Per SQL spec, a single ordering column is required for RANGE OFFSET mode,
and at least one ordering column is required for GROUPS mode. The parser
enforced the former but not the latter; add a check for that.
We were able to reach the no-ordering-column cases even with fully spec
compliant queries, though, because the planner would drop partitioning
and ordering columns from the generated plan if they were redundant with
earlier columns according to the redundant-pathkey logic, for instance
"PARTITION BY x ORDER BY y" in the presence of a "WHERE x=y" qual.
While in principle that's an optimization that could save some pointless
comparisons at runtime, it seems unlikely to be meaningful in the real
world.

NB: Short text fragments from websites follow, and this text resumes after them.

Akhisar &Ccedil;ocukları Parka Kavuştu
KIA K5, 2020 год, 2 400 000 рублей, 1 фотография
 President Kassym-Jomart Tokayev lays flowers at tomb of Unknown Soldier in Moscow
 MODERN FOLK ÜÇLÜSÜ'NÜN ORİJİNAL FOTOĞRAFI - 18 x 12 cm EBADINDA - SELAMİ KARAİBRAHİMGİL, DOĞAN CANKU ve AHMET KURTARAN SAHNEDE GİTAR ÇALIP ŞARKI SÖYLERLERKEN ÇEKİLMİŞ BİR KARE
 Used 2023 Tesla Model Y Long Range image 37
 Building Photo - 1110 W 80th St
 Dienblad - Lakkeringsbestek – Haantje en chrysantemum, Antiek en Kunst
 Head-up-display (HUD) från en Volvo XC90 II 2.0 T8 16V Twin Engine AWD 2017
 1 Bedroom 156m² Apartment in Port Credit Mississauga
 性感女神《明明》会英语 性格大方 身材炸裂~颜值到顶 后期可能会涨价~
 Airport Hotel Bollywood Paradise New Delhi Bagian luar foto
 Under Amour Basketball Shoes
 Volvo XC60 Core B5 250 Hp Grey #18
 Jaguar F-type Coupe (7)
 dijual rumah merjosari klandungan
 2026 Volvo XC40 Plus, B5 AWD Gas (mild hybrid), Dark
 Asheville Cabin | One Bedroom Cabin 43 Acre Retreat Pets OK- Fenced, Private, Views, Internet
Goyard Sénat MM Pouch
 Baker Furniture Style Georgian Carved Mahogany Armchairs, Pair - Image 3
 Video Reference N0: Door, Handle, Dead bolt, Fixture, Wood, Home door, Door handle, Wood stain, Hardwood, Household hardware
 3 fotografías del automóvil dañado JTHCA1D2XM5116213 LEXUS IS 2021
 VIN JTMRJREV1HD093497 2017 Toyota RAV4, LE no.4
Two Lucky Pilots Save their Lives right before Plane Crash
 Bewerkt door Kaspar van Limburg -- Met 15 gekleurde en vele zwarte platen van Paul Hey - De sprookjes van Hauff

I think this behavior was not so much an intentional optimization
as a side-effect of an ancient decision to construct the plan node's
ordering-column info by reverse-engineering the PathKeys of the input
path. If we give up redundant-column removal then it takes very little
code to generate the plan node info directly from the WindowClause,
ensuring that we have the expected number of ordering columns in all
cases. (If anyone does complain about this, the planner could perhaps
be taught to remove redundant columns only when it's safe to do so,
ie *not* in RANGE OFFSET mode. But I doubt anyone ever will.)
With these changes, the WindowAggPath.winpathkeys field is not used for
anything anymore, so remove it.
The test cases added here are not actually very interesting given the
removal of the redundant-column-removal logic, but they would represent
important corner cases if anyone ever tries to put that back.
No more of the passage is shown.